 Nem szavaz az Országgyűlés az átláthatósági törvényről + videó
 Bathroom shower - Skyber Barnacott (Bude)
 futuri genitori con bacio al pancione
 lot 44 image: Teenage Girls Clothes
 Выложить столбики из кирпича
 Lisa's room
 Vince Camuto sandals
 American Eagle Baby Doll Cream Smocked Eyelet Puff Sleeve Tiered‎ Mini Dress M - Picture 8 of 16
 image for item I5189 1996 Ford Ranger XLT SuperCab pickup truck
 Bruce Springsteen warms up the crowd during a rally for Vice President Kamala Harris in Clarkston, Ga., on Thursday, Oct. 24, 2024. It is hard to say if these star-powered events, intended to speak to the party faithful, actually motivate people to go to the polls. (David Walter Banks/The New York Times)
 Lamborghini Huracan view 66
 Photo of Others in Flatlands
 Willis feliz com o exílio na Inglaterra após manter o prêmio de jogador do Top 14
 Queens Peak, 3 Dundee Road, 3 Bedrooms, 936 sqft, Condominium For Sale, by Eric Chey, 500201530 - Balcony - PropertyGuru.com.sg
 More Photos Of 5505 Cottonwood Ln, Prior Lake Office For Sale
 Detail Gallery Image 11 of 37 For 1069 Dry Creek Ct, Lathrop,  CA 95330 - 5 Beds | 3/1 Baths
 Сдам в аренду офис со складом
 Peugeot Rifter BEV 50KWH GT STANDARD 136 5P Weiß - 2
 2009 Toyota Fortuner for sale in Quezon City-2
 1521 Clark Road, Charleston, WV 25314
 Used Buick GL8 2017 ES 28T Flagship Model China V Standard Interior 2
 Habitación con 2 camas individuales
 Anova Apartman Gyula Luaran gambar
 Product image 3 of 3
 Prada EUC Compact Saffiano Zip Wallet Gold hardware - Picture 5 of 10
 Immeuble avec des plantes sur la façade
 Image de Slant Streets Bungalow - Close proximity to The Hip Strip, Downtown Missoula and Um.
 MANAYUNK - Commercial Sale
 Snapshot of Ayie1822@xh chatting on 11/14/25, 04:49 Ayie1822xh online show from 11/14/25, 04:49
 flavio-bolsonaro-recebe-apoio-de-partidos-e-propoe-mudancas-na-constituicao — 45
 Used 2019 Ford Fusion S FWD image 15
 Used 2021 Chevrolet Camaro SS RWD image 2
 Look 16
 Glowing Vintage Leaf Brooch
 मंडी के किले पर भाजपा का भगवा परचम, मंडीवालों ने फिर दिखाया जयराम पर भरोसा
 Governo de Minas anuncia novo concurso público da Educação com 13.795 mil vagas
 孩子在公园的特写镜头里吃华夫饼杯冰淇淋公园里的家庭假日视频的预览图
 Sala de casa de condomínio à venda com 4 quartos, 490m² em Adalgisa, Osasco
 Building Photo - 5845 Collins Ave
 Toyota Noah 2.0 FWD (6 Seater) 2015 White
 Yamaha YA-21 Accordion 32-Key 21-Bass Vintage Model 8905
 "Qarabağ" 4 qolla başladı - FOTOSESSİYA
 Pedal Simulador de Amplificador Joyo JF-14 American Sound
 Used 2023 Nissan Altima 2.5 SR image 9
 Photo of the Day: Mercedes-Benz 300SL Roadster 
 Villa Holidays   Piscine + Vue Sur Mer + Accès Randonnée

------------------------------

Task prompt: Print all the material, keeping every line identical to the original.

Expected answer:
 Nem szavaz az Országgyűlés az átláthatósági törvényről + videó
 Bathroom shower - Skyber Barnacott (Bude)
 futuri genitori con bacio al pancione
 lot 44 image: Teenage Girls Clothes
 Выложить столбики из кирпича
 Lisa's room
 Vince Camuto sandals
 American Eagle Baby Doll Cream Smocked Eyelet Puff Sleeve Tiered‎ Mini Dress M - Picture 8 of 16
 image for item I5189 1996 Ford Ranger XLT SuperCab pickup truck
 Bruce Springsteen warms up the crowd during a rally for Vice President Kamala Harris in Clarkston, Ga., on Thursday, Oct. 24, 2024. It is hard to say if these star-powered events, intended to speak to the party faithful, actually motivate people to go to the polls. (David Walter Banks/The New York Times)
 Lamborghini Huracan view 66
 Photo of Others in Flatlands
 Willis feliz com o exílio na Inglaterra após manter o prêmio de jogador do Top 14
 Queens Peak, 3 Dundee Road, 3 Bedrooms, 936 sqft, Condominium For Sale, by Eric Chey, 500201530 - Balcony - PropertyGuru.com.sg
 More Photos Of 5505 Cottonwood Ln, Prior Lake Office For Sale
 Detail Gallery Image 11 of 37 For 1069 Dry Creek Ct, Lathrop,  CA 95330 - 5 Beds | 3/1 Baths
 Сдам в аренду офис со складом
 Peugeot Rifter BEV 50KWH GT STANDARD 136 5P Weiß - 2
 2009 Toyota Fortuner for sale in Quezon City-2
 1521 Clark Road, Charleston, WV 25314
 Used Buick GL8 2017 ES 28T Flagship Model China V Standard Interior 2
 Habitación con 2 camas individuales
 Anova Apartman Gyula Luaran gambar
 Product image 3 of 3
 Prada EUC Compact Saffiano Zip Wallet Gold hardware - Picture 5 of 10
 Immeuble avec des plantes sur la façade
 Image de Slant Streets Bungalow - Close proximity to The Hip Strip, Downtown Missoula and Um.
 MANAYUNK - Commercial Sale
 Snapshot of Ayie1822@xh chatting on 11/14/25, 04:49 Ayie1822xh online show from 11/14/25, 04:49
 flavio-bolsonaro-recebe-apoio-de-partidos-e-propoe-mudancas-na-constituicao — 45
 Used 2019 Ford Fusion S FWD image 15
 Used 2021 Chevrolet Camaro SS RWD image 2
 Look 16
 Glowing Vintage Leaf Brooch
 मंडी के किले पर भाजपा का भगवा परचम, मंडीवालों ने फिर दिखाया जयराम पर भरोसा
 Governo de Minas anuncia novo concurso público da Educação com 13.795 mil vagas
 孩子在公园的特写镜头里吃华夫饼杯冰淇淋公园里的家庭假日视频的预览图
 Sala de casa de condomínio à venda com 4 quartos, 490m² em Adalgisa, Osasco
 Building Photo - 5845 Collins Ave
 Toyota Noah 2.0 FWD (6 Seater) 2015 White
 Yamaha YA-21 Accordion 32-Key 21-Bass Vintage Model 8905
 "Qarabağ" 4 qolla başladı - FOTOSESSİYA
 Pedal Simulador de Amplificador Joyo JF-14 American Sound
 Used 2023 Nissan Altima 2.5 SR image 9
 Photo of the Day: Mercedes-Benz 300SL Roadster 
 Villa Holidays   Piscine + Vue Sur Mer + Accès Randonnée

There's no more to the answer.